Graphique 1: Intensité des attitudes populistes après positionnement individuel sur l'échelle gauche-droite

Comme l’indique le graphique 1, une tendance claire peut être observée. Le degré d'attitudes populistes (voir encadré) tend à augmenter au fur et à mesure que les personnes interrogées se positionnent à droite. Il n’est donc pas surprenant de constater que la moyenne la plus élevée se trouve auprès des citoyen-nes- qui se positionnent à l’extrême droite du spectre idéologique.

Contraste entre le Nord et le Sud

Il est toutefois à relever que ce penchant vers la droite des attitudes populistes en Suisse contraste avec les résultats de deux études similaires menées en Grèce et en Espagne. Dans les deux cas, l’étendue du populisme progressaient plus les personnes interrogées se classaient à gauche. Comment expliquer ces résultats divergents?

Dans les pays du sud, sévèrement touchés par la crise, des partis populistes de gauche comme Podemos et SYRIZA ont réussi à remporter des élections en mettant l’accent sur les difficultés économiques. Au nord de l’Europe, où les effets de la crise économique se sont avérés nettement moins néfastes, ce sont principalement les questions d'identité qui figurent au centre de l’attention, ce qui se manifeste notamment en matière de politique d’immigration. Par conséquent, les attitudes populistes sont principalement influencées par l'extrême droite dans cette région d'Europe occidentale.

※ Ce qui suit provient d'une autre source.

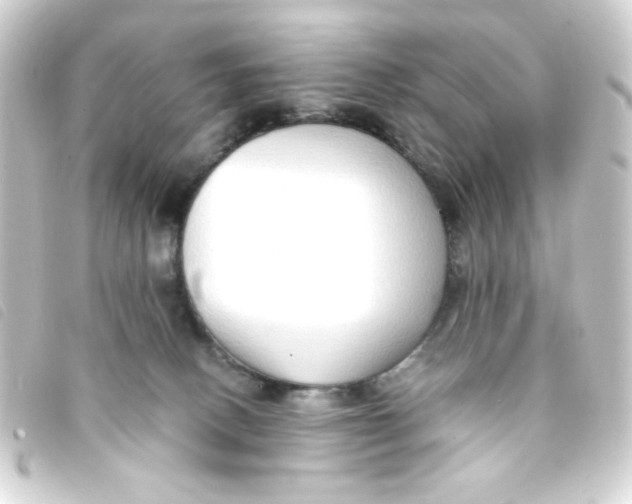 X0000093230082200710241244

Les autres résultats principaux de notre enquête s’avèrent être en cohérence avec cette explication. En effet, les hommes vivant en Suisse alémanique et ayant un faible niveau d'instruction sont particulièrement susceptibles d’exprimer des attitudes populistes. Ces caractéristiques sociodémographiques correspondent au profil électoral de l’UDC, le plus grand parti populiste du pays.

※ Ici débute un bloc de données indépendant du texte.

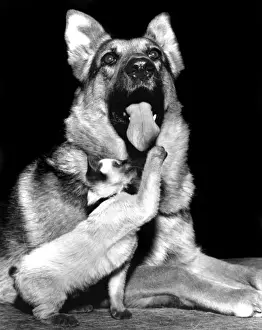 Alsatian dog and kitten
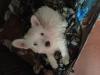 Immagine Westie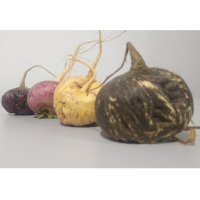 Maca ecotypes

Mesurer les attitudes populistes
 Dans le cadre de l'enquête SELECTS sur les élections fédérales de 2015, les participants ont été confrontés aux quatre déclarations populistes suivantes :

  • Ce n’est pas aux politiciens, mais au peuple de prendre les décisions politiques importantes
  • Si on tenait davantage compte de l’avis du peuple et non pas seulement des élites, la Suisse en bénéficierait
  • Les politiciennes et politiciens défendent leurs propres intérêts et non ceux du peuple
  • Les politiciennes et politiciens ne s’intéressent pas vraiment à ce que pensent les gens comme moi

Les personnes interrogées ont été priés d'indiquer dans quelle mesure elles étaient d'accord avec ces déclarations en utilisant une échelle allant de 1 (pas du tout d'accord) à 5 (entièrement d'accord). Etant donné qu’une analyse Mokken a révélé que les réponses aux quatre questions formaient une échelle hiérarchique, nous avons créé un indice additif de 0 à 16.

 


Référence:

Bernhard, Laurent et Regula Hänggli (2018). Who Holds Populist Attitudes? Evidence from Switzerland. Swiss Political Science Review, 24(4).

 

Littérature:

  • Bernhard, Laurent und Regula Hänggli (2018). Who Holds Populist Attitudes? Evidence from Switzerland. Swiss Political Science Review 24(4): XYZ-XYZ.
  • Rico, Guillem, Marc Guinjoan und Eva Anduiza (2017). The Emotional Underpinnings of Populism: How Anger and Fear Affect Populist Attitudes. Swiss Political Science Review 23(4): 444-461.
  • Tsatsanis, Emmanouil, Ioannis Andreadis und Eftichia Teperoglou (2017). Populism From Below: The Ideological and Societal Correlates of Populist Attitudes in Greece. Article non publié.